After quality evaluation of sequencing data (Additional file 1: Figure S1), a total of 28.35 Gb high quality data were collected for the B. juncea genome and used to compare with whole genome sequence of B. rapa. It was feasible to map 45.93% sequences of the B. juncea GSS data to the genome sequences of B. rapa. Of these, only 18.44% single-end reads were mapped to the genome sequences of B. rapa, which indicated more SV in the B. juncea genome compared to B. rapa. The identity of mapped sequences is 98.14%, which shows a close genetic relationship between B. juncea and B. rapa (Additional file 1: Table S1). The coverage depth and distribution on chromosomes suggest a high comparison ratio over the B. rapa genome (Additional file 1: Figure S2).
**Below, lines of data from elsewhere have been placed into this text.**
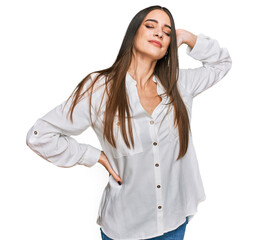 Wall Mural - Young beautiful woman wearing casual white shirt suffering of neck ache injury, touching neck with hand, muscular pain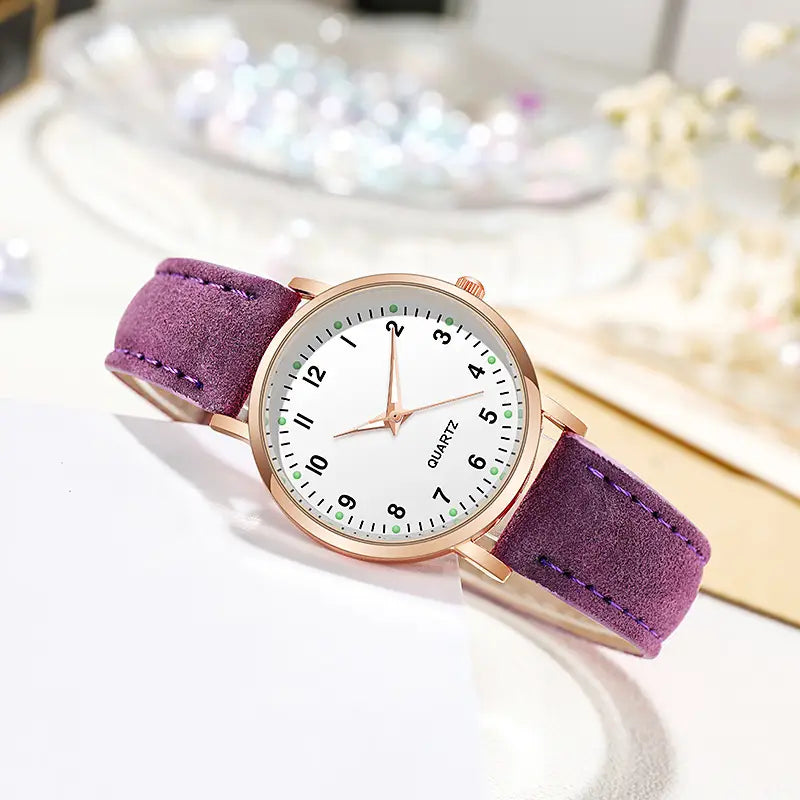 A rose gold women leather quartz watch with a delicate purple suede strap, rose gold-tone case, and white dial featuring minimalist black numerals and green accent markers.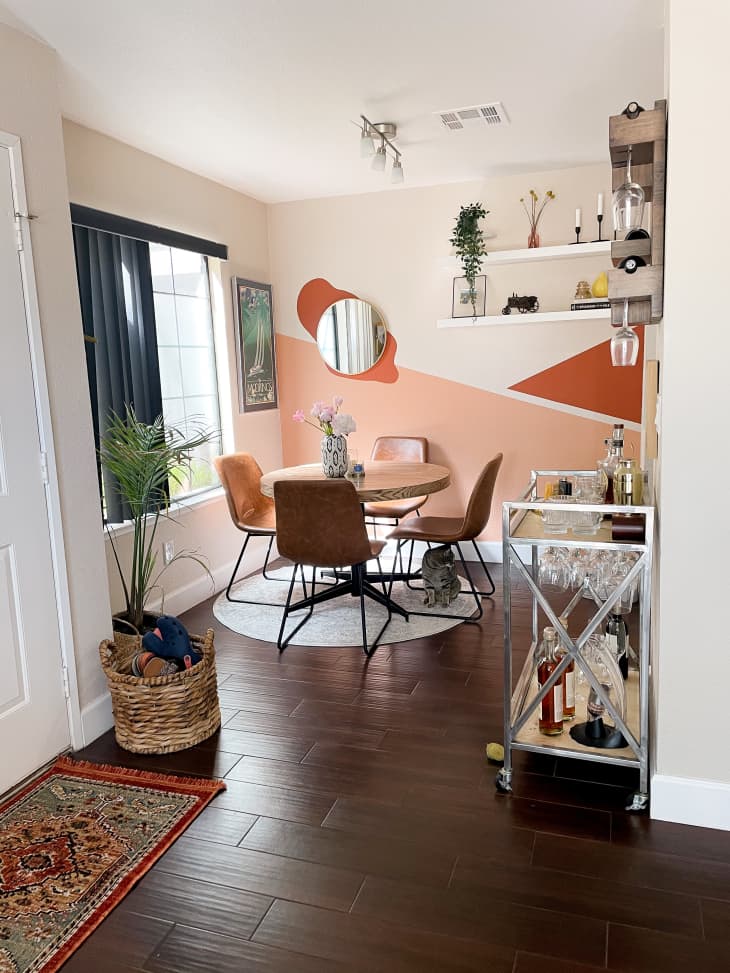 Dining room with peach and orange wall mural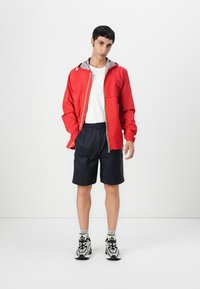 Rød vindjakke med grå hette, glidelås foran og elastiske mansjetter; paret med marineblå shorts og svart-hvite joggesko.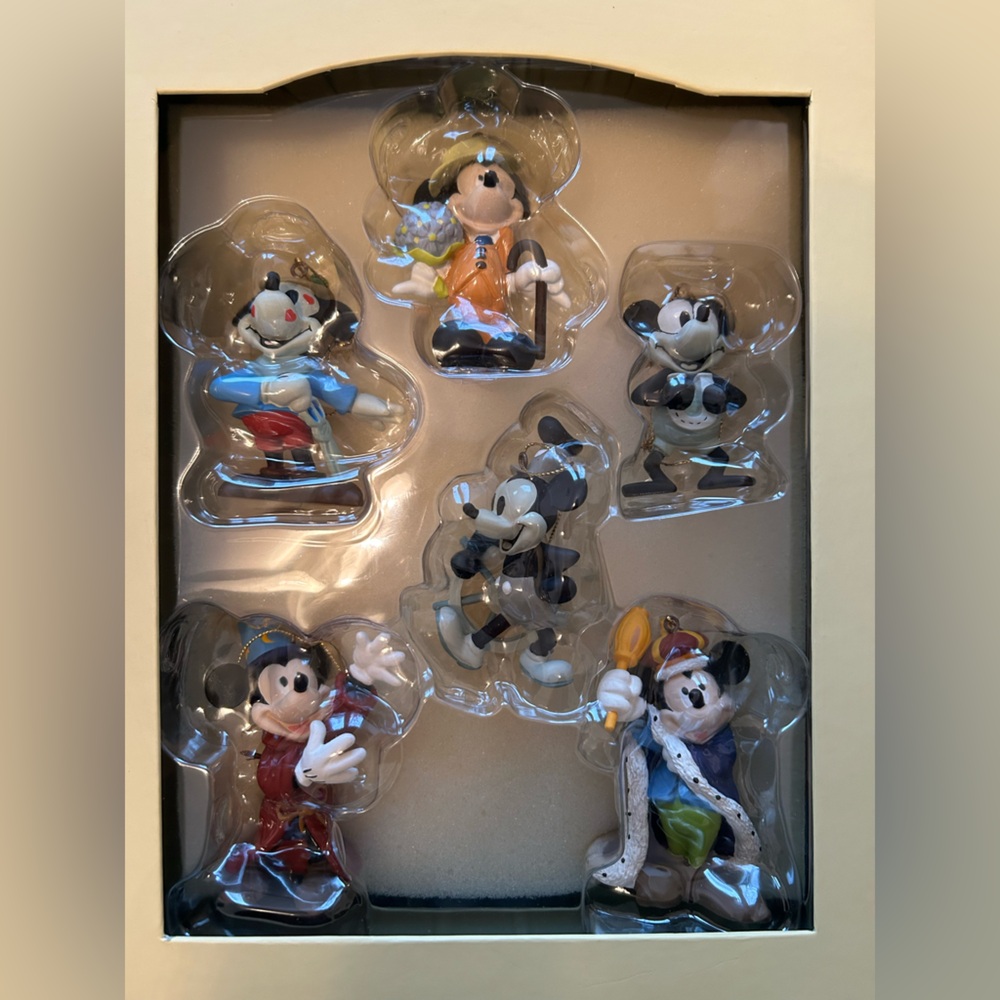 Like new vintage Mickey Through the Years ornament set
Polymorphism analysis identified 2,921,310 SNPs, including 58.53% transitions, 41.47% transversions and 58.19% heterozygosity. We showed the distributions of SNP-type in 10 chromosomes of B. rapa genome (Additional file 1: Table S2, Additional file 1: Figure S3). 44,053 SVs were detected as insertions and deletions, with approximately even distributions of SVs across the 10 chromosomes of B. rapa genome (Additional file 1: Table S3, Additional file 1: Figure S3). 69,315 Indel (1–3 bp) polymorphisms were also observed, of which 1 bp-sized Indels were most abundant in genome and 3 bp-sized Indels were most abundant in coding sequence (Additional file 1: Table S4, Additional file 1: Figure S3). Most SNPs and SVs (including 1–3 bp Indels) were located in exon, intron, transposon, intergenic, TEprotein, TandemRepeat region of genome, others were found in miRNA, tRNA and snRNA coding regions of genome (Table 1). These SNPs cause a relatively high ratio of non-synonymous mutations in genes; for example, 9680 genes were found with (≧10) non-synonymous SNPs. Moreover, 1448 genes coding regions were changed by frame-shift Indels, and we also found 5989 genes have SV within gene coding regions (Table 2). A number of gene functions were found to be altered by these mutations based on Non-Redundant Nucleotide Database (NT/NR), Cluster of Othologues Groups Proteins Database (COG) and Kyoto Encyclopedia of Genes and Genomes Database (KEGG) database searches (data not shown). Here, we have focused on glucosinolate biosynthesis and flowering pathways in particular.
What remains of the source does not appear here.